I bought the film Eat Pray Love (2010) on DVD from a charity shop and this week I decided to watch it. It is based on a book by Elizabeth Gilbert that was a New York Times bestseller that I read last year and absolutely loved. The book is about  woman who divorces her husband and then goes on a year long trip to Italy, India and Indonesia. The book is also about God as she starts praying and in India she goes to an ashram – a place of prayer that was set up by her guru. The book really spoke to me so I went in with high expectations and I was not disappointed. This film may sell itself as a rom-com but to me is about finding out who you want to be in life and what your goals should be. The author Liz is played by Julia Roberts who does an excellent job at portraying all of Liz’s emotions and feelings with using few words and her face. Other cast members include James Franco, looking very young playing her lover David, Billy Crudup, her husband and Viola Davis, Liz’s friend in New York where she lives. The story was adapted in the film but Liz Gilbert worked closely with the producers and oversaw all changes made. Some things were added that actually happened but were not mentioned in the book. The film is long over 2 hours but it is worth it to get the full story. The only negative is I felt the film did not go into enough did about Liz’s time in Indonesia. Overall I rate this film 4/5.

Amazon Prime:

I watched Office Christmas Party on Amazon Prime. I know it’s a bit too early for Christmas but this film features some of my favourite comedy actors and actresses like Jason Bateman, Jennifer Aniston, Kate McKinnon and Rob Corddry. The film is about a technology company run by a relaxed boss who has taken over from his dad. The office branch is about to be closed by his workaholic sister (Aniston) so the office throws an epic Christmas party to close a client. Chaos ensues. I liked the fun nature of this film and the great one lines from some of the funniest comedic actors in Hollywood. The cast gelled well and set for the party was massive and very detailed. It also has drama and romance and an epic car chase at the end.

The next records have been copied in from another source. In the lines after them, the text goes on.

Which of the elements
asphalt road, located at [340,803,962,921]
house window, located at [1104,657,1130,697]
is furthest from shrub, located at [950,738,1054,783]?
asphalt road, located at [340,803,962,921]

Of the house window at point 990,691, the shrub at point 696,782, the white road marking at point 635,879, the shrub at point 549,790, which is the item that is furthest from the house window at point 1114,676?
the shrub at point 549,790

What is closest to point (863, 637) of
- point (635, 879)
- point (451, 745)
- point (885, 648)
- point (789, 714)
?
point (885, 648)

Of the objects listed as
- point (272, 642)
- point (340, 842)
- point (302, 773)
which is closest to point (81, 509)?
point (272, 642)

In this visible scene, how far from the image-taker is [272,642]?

For a funny Christmas movie, it actually had a plot that made sense. I also watched it because I saw the trailer when it was being marketed last Christmas and thought it looked like a good film to watch. Definitely one to watch if you love comedy and Christmas and don’t mind occasional American cheesiness. Overall I rate this film 5/5.

So these are my 3 recommendations for this week. Some weeks I may watch more films than this but this week I had some big assignments due so I watched more TV instead.